I would like to contribute material on continuous time optimization, but there is one thing that is not clear to me.

Consider a routine continuous time optimization problem:
\max \int_{t=0}^{T} e^{-\rho t}u(c_{t})dt \text{ s.t. }
\dot{a}_{t} = y + ra_{t} - c_{t},
a_{0} \text{ given, } a_{T}=0.
Assume y & r are constants and u(c)=\frac{c^{1-\gamma}}{1-\gamma}.
Write the value function V(t,a_{t})

Optimal control approach:
H\equiv u(c_{t}) + \lambda (y + ra_{t} - c_{t})
Boils down to a BVP (two ODEs w/ unkown c_{t}, a_{t}):
\left[\begin{array}{l} \dot{c}=\left(\frac{r-\rho}{\gamma} \right) c \\ \dot{a}_{t} = y + ra_{t} - c_{t} \\ a(0)=a_0 \\ a_{T}=0 \end{array} \right]

HJB approach:
\rho V(t,a_{t}) = \max_{c} \left\{u(c_{t}) + V_{a}(t,a_{t})\times \left(y + ra_{t} - c_{t} \right) + V_{t}(t,a_{t}) \right\}
FOC: c(t,a_{t})=u'^{-1}(V_{a}(t,a_{t})) = (V_{a}(t,a_{t}))^{-\frac{1}{\gamma}}
This boils down to a PDE w/ unknown function V(t,a_{t}):
\left[\begin{array}{l} \rho V(t,a_{t}) = u(c_{t}) + V_{a}(t,a_{t})\times \left(y + ra_{t} - c_{t} \right) + V_{t}(t,a_{t}) \\ c(t,a_{t}) = (V_{a}(t,a_{t}))^{-\frac{1}{\gamma}} \\ a(0)=a_0 \\ a_{T}=0 \end{array} \right]
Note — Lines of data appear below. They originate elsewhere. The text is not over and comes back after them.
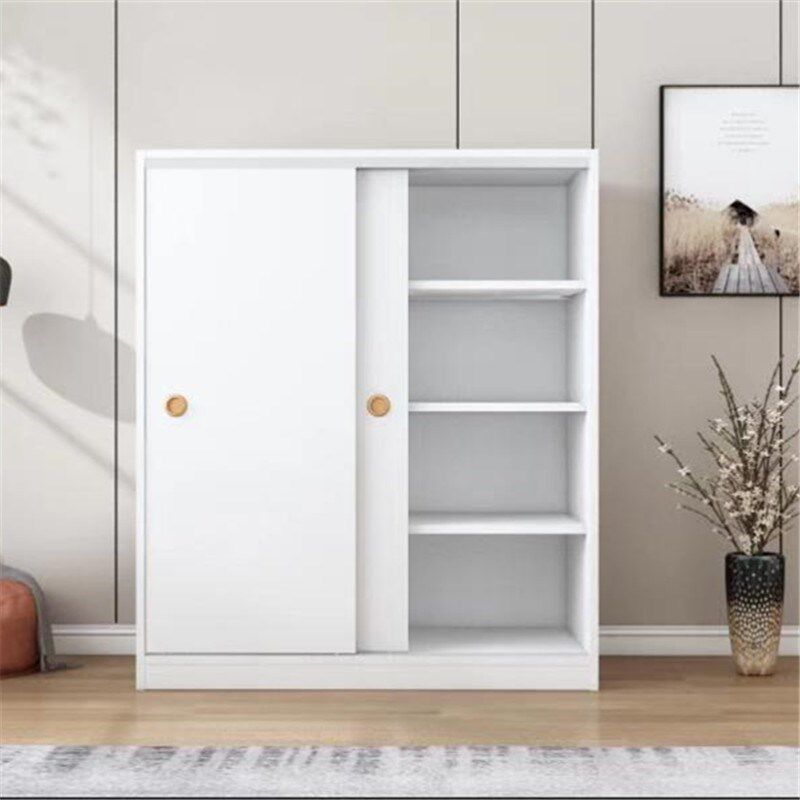 儿童矮小型小衣柜落地式占地 矮衣柜1米2高超薄衣柜深40cm小户型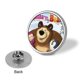 thumbnail image 3 of Masha y el oso-Theme Round Button Badge: Premium Metal Construction, Ideal for High-End Events 2.8 cm, 3 of 6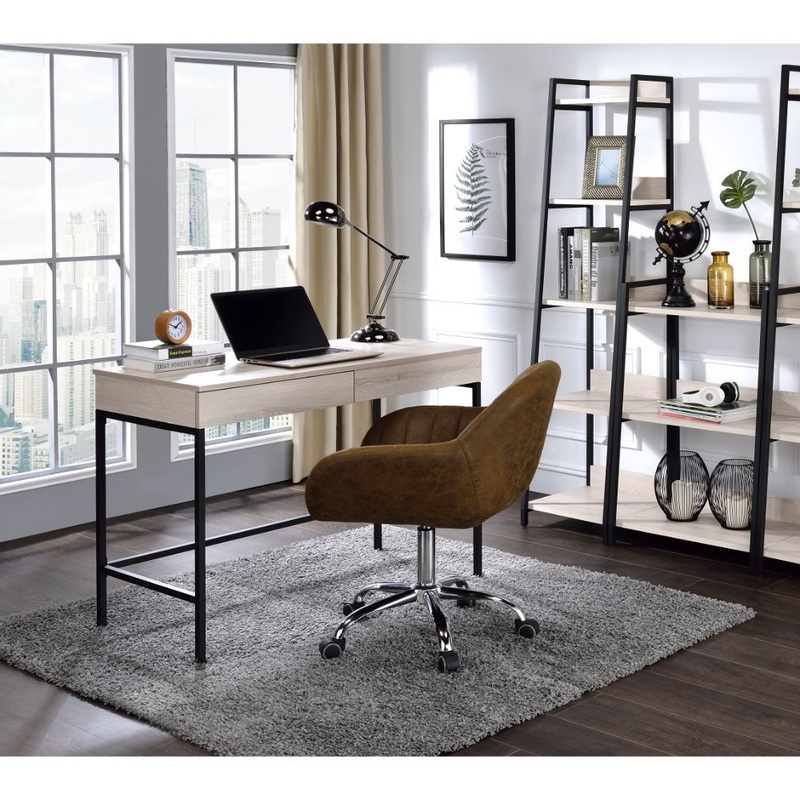 Wendral – Writing Desk – Natural & Black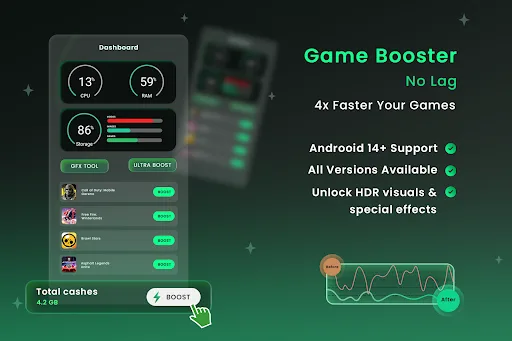 Game Booster - No Lag screenshot 1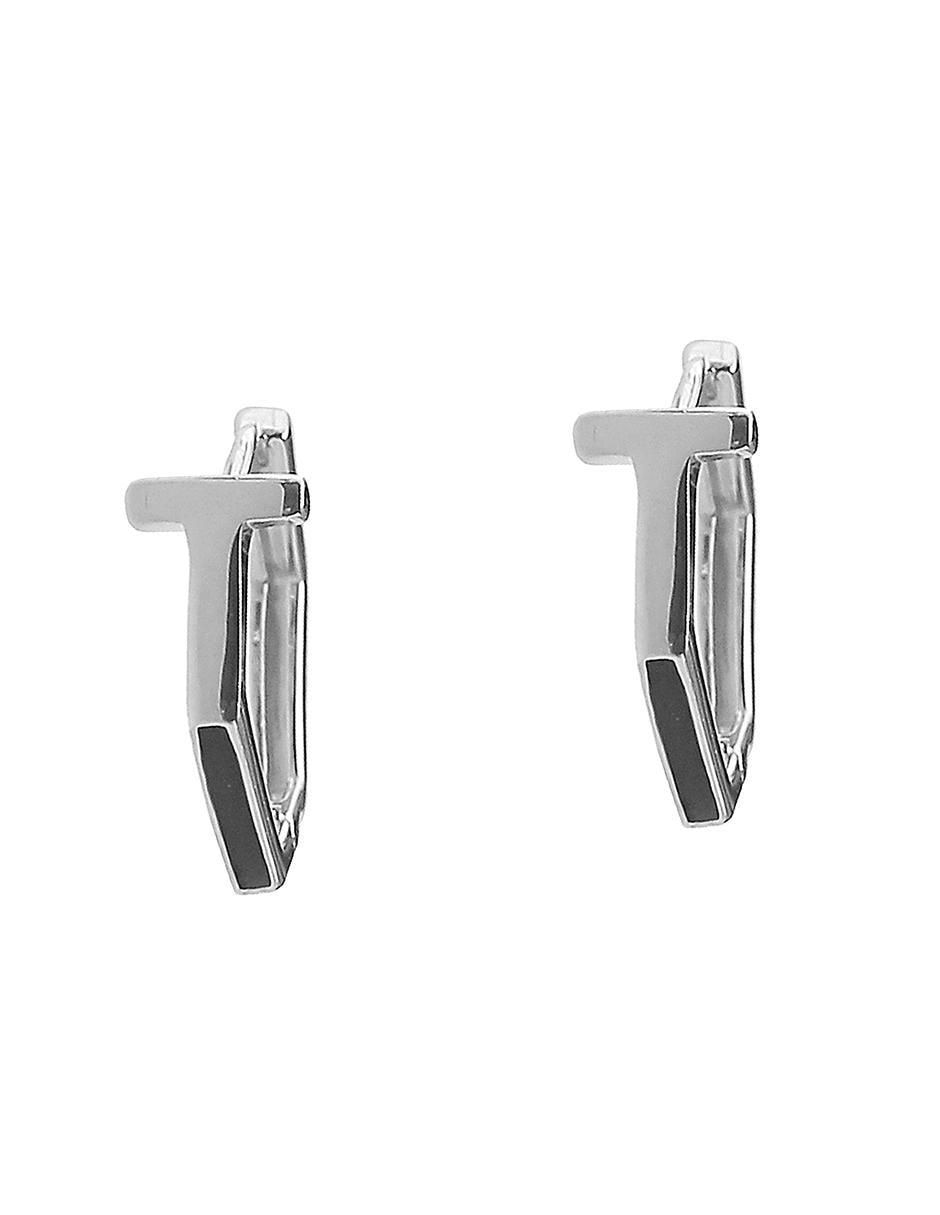 Arracadas de plata P 925 con acabado plateado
Issue: we have boundary conditions for a_{t} (a(0)=a_0, a_{T}=0) but not for V(t,a_{t}).
To solve this PDE we need two boundary conditions for V(t,a_{t}).
Question: How do we get the two boundary conditions?
I think one of them is: V(T,a_{T}) = \psi(a_{T}) = 0 (no bequest here)

Or maybe something like:
\left[\begin{array}{l} \rho V(t,a_{t}) = u(c_{t}) + V_{a}(t,a_{t})\times \left(y + ra_{t} - c_{t} \right) + V_{t}(t,a_{t}) \\ c(t,a_{t}) = (V_{a}(t,a_{t}))^{-\frac{1}{\gamma}} \\ V(T,a_{T}) = 0 \\ V_{a}(T,a_{T}) = 0 \end{array} \right]

Thanks @azev77

I think that we have some plans to eventually document some of those methods, but they tend to be pretty tricky to solve due to inherent backwards and forwards of HJBEs with a control. Sadly, the naive discretizations don’t work or convergence. At this point, the DifferentialEquations.jl package doesn’t have the algorithms that we would need to make it clean. It is something that has been discussed, but I wouldn’t hold your breath. Maybe later next year.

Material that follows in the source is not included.